### Assigned task:
Each line below must be reproduced exactly as it stands. Pictures stay out of the copy.

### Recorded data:
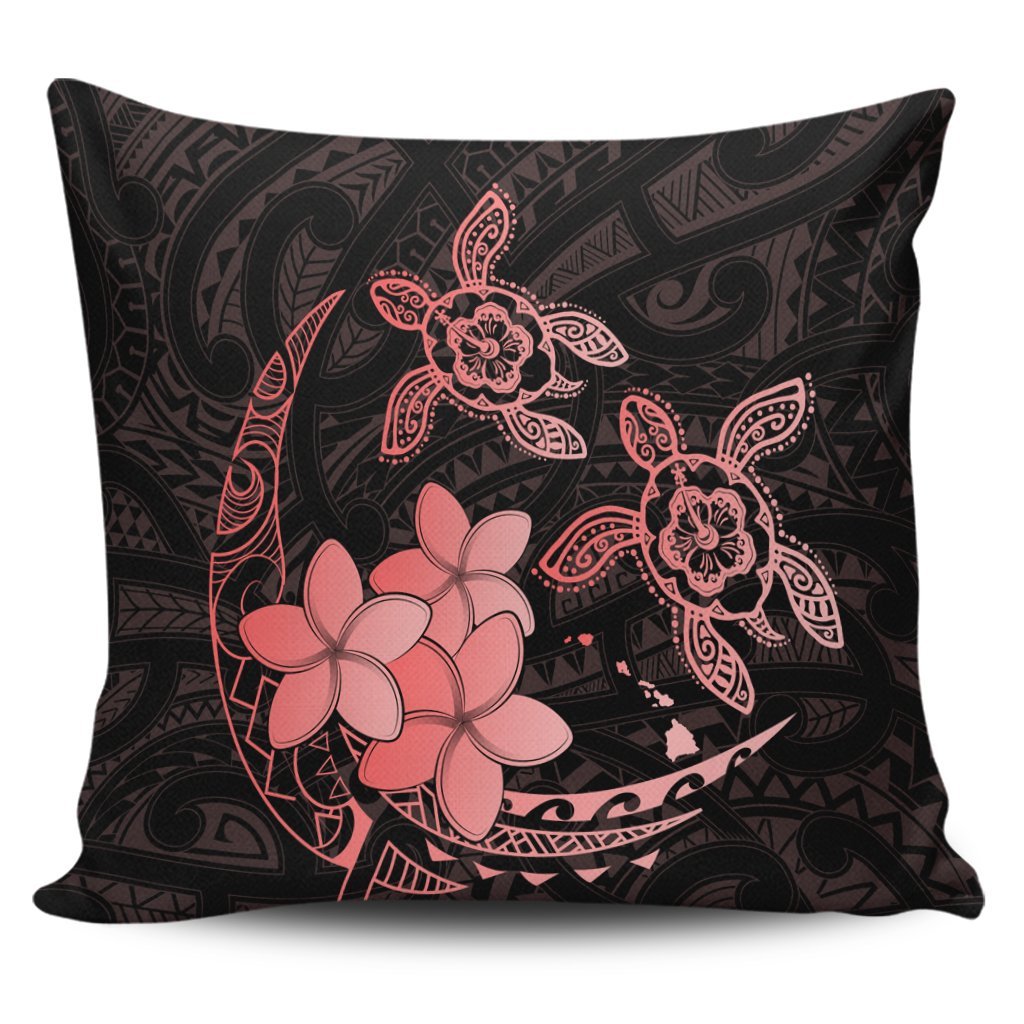 Hawaii Polynesian Turtle Plumeria Pillow Covers - Pog Style Red - AH Pillow Covers Black - Polynesian Pride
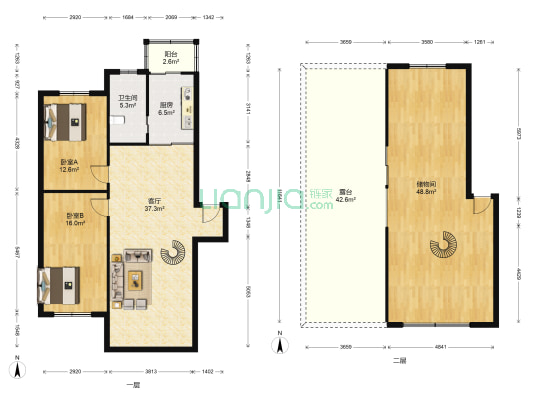 碧海花园 2室1厅1卫 96平方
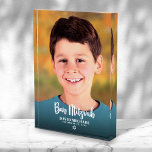 Bar Mitzvah Bold Modern Script Custom Keepsake Photo Block<br><div class="desc">Be proud, rejoice and showcase this milestone of your favourite Bar Mitzvah with this cool, unique, modern, personalized keepsake custom photo block! White calligraphy script, bold serif typography, and Star of David overlay the photo of your choice. Personalize the custom text with your Bar Mitzvah’s name and date. A great...</div>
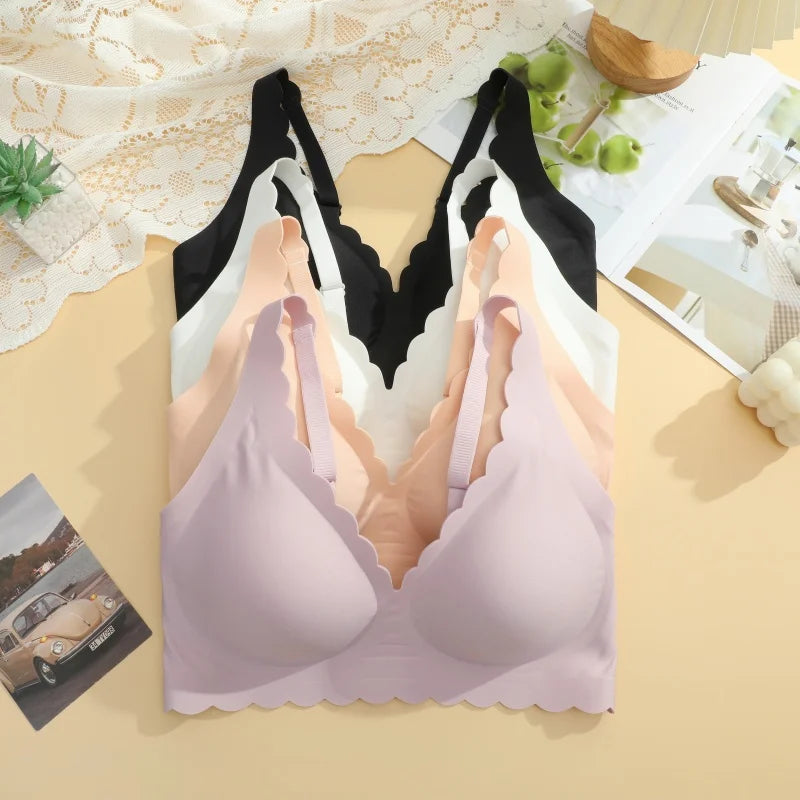Women's No Trace Bra Plus Size Gather Without Steel Ring Underwear Soft Support Comfortable Sleeping Bra Anti-sagging Lingerie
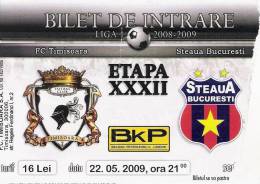 FC Timisoara-Steaua Bucuresti/Romania Football Match Ticket - Match Tickets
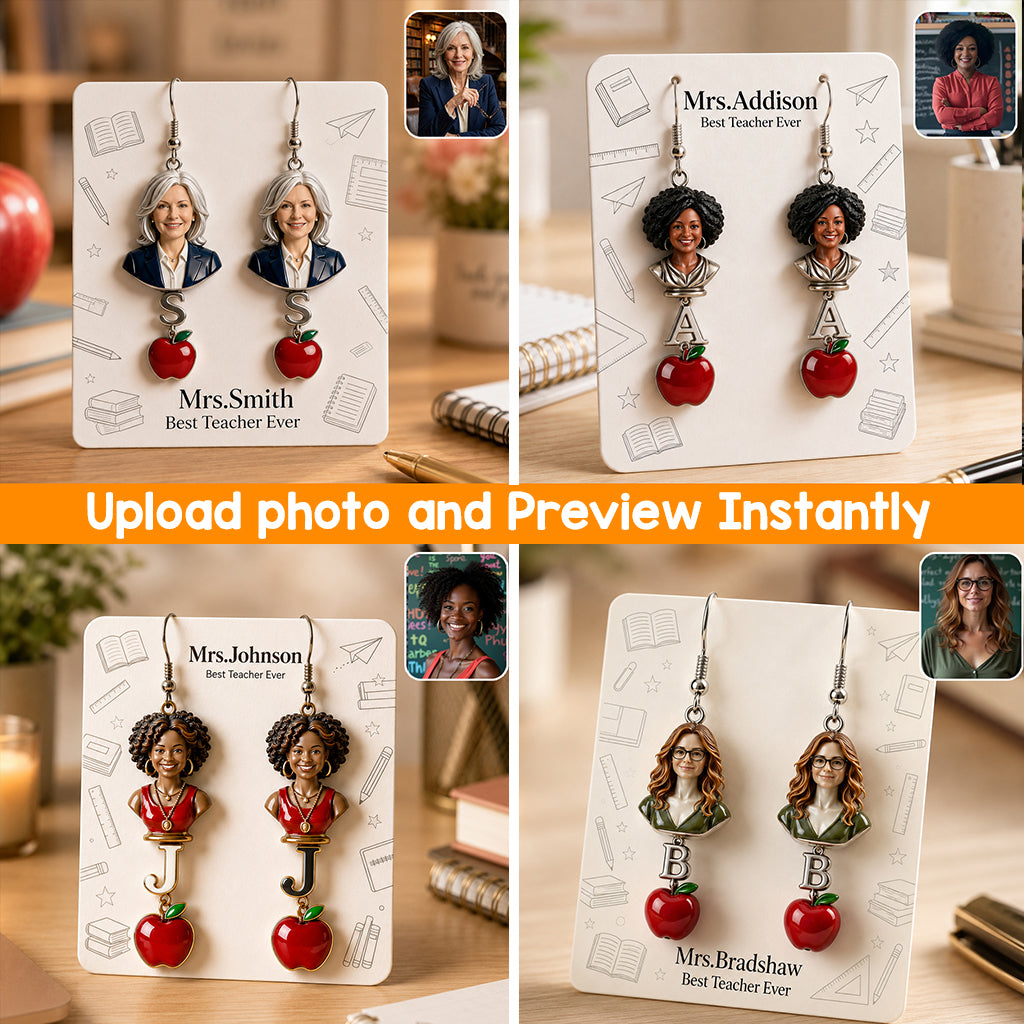 Best Teacher Ever - Personalized Teacher Earrings With Card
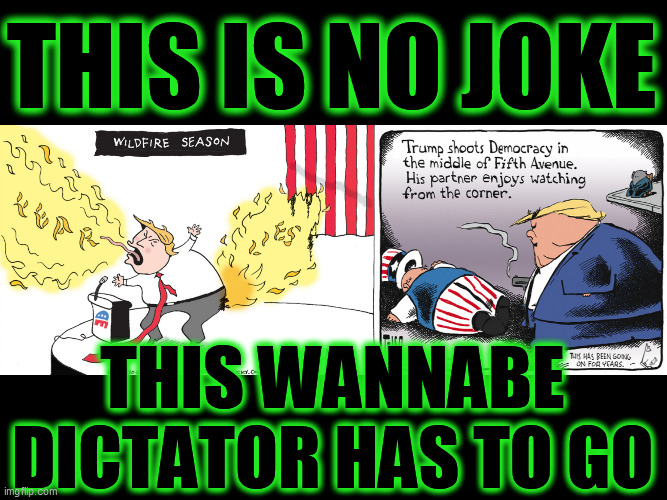 Defecating on our Constitution, this would-be despot ignores many laws in pursuit of a second term, that he has NEVER earned! | THIS IS NO JOKE; THIS WANNABE DICTATOR HAS TO GO | image tagged in trump unfit unqualified dangerous,psychopath,despotic donald,dump trump,tyranny,2020 elections | made w/ Imgflip meme maker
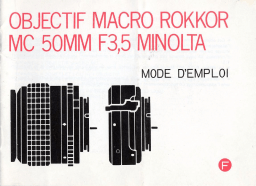 Minolta MC 50mm F3.5: Chat IA et PDF à Télécharger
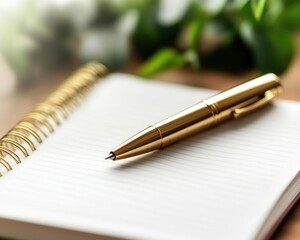 Gold pen on notebook with green background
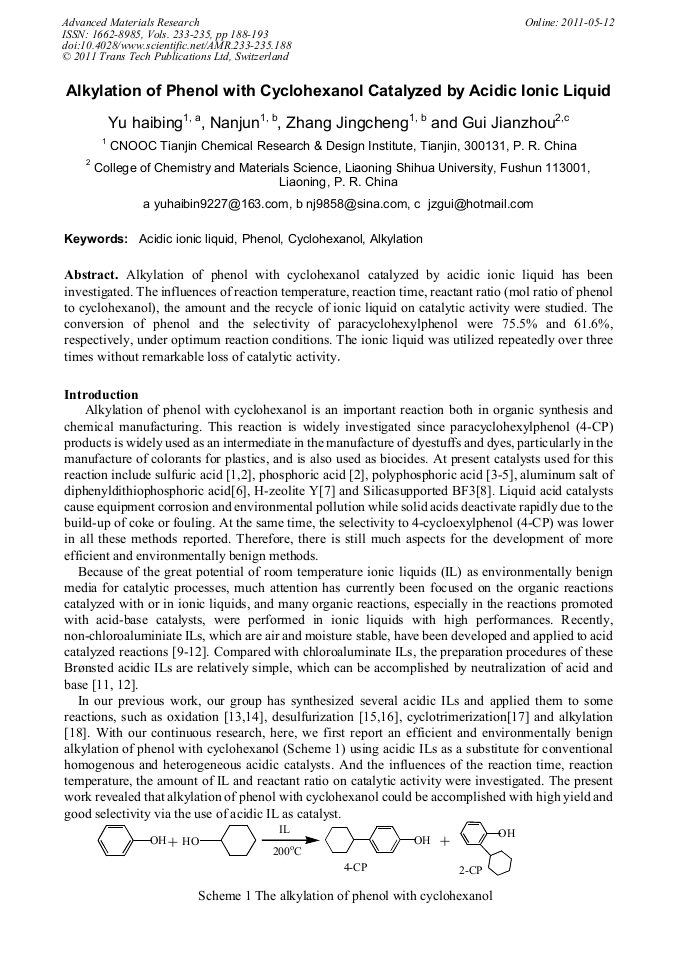 Alkylation of Phenol with Cyclohexanol Catalyzed by Acidic Ionic Liquid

### Result below:
 Hawaii Polynesian Turtle Plumeria Pillow Covers - Pog Style Red - AH Pillow Covers Black - Polynesian Pride
 碧海花园 2室1厅1卫 96平方
 Bar Mitzvah Bold Modern Script Custom Keepsake Photo Block<br><div class="desc">Be proud, rejoice and showcase this milestone of your favourite Bar Mitzvah with this cool, unique, modern, personalized keepsake custom photo block! White calligraphy script, bold serif typography, and Star of David overlay the photo of your choice. Personalize the custom text with your Bar Mitzvah’s name and date. A great...</div>
Women's No Trace Bra Plus Size Gather Without Steel Ring Underwear Soft Support Comfortable Sleeping Bra Anti-sagging Lingerie
 FC Timisoara-Steaua Bucuresti/Romania Football Match Ticket - Match Tickets
 Best Teacher Ever - Personalized Teacher Earrings With Card
 Defecating on our Constitution, this would-be despot ignores many laws in pursuit of a second term, that he has NEVER earned! | THIS IS NO JOKE; THIS WANNABE DICTATOR HAS TO GO | image tagged in trump unfit unqualified dangerous,psychopath,despotic donald,dump trump,tyranny,2020 elections | made w/ Imgflip meme maker
 Minolta MC 50mm F3.5: Chat IA et PDF à Télécharger
 Gold pen on notebook with green background
 Alkylation of Phenol with Cyclohexanol Catalyzed by Acidic Ionic Liquid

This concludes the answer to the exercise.